## PROBLEM STATEMENT:
Look below for the line with "Dirkje jongens baby"; begin the copy there and stop after the line with "Rushna Sacramento Green", keeping the text exact and the pictures out.

## DATA PROVIDED:
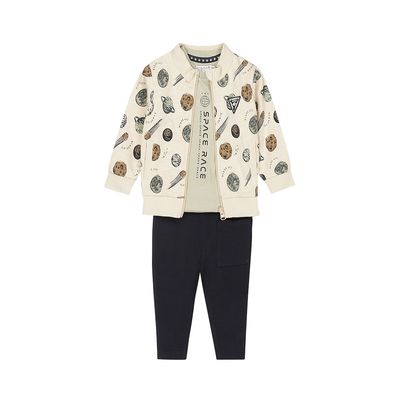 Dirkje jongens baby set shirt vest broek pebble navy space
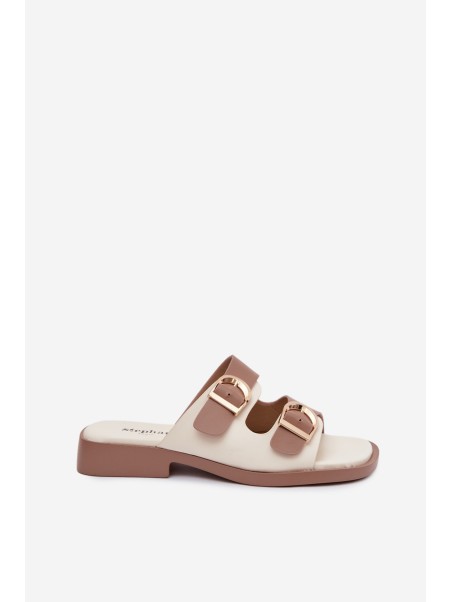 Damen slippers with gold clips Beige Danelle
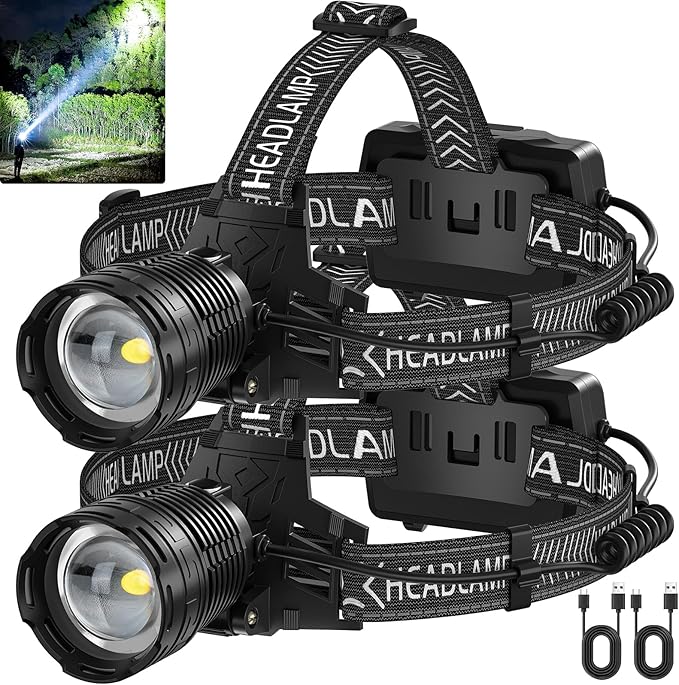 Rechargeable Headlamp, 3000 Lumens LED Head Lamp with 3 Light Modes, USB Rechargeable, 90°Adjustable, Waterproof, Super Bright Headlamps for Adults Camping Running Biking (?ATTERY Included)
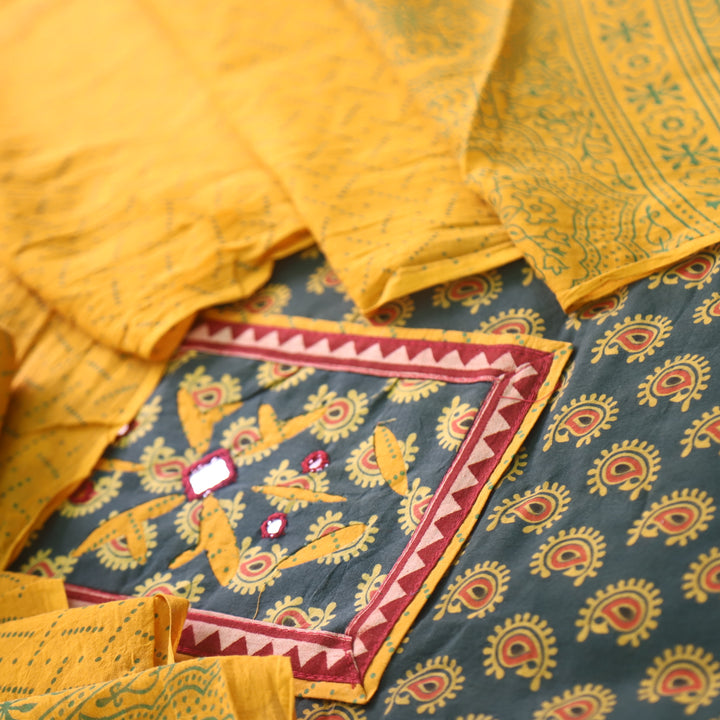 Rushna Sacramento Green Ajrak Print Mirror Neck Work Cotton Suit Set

---

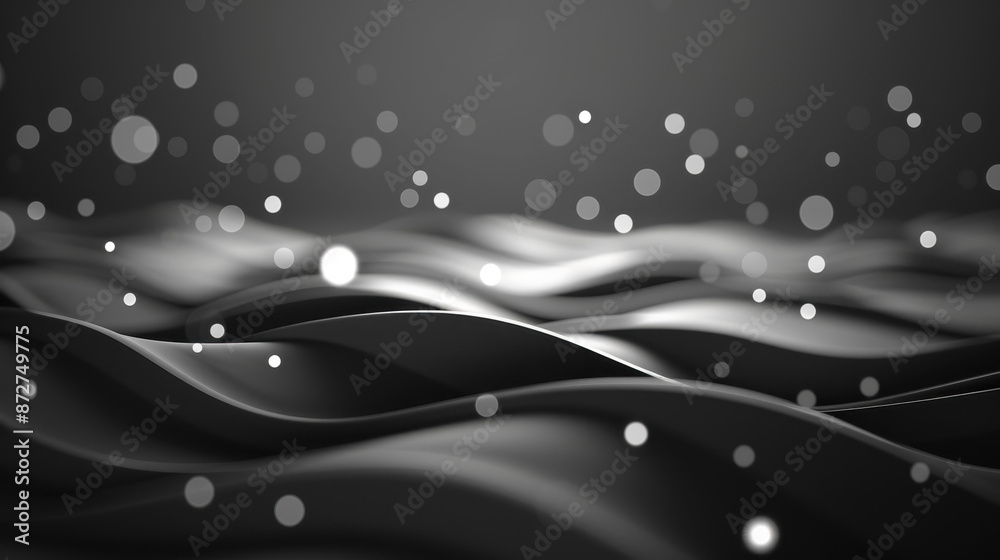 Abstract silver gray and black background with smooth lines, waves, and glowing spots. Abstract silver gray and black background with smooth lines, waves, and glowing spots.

## OUTPUT:
 Dirkje jongens baby set shirt vest broek pebble navy space
 Damen slippers with gold clips Beige Danelle
 Rechargeable Headlamp, 3000 Lumens LED Head Lamp with 3 Light Modes, USB Rechargeable, 90°Adjustable, Waterproof, Super Bright Headlamps for Adults Camping Running Biking (?ATTERY Included)
 Rushna Sacramento Green Ajrak Print Mirror Neck Work Cotton Suit Set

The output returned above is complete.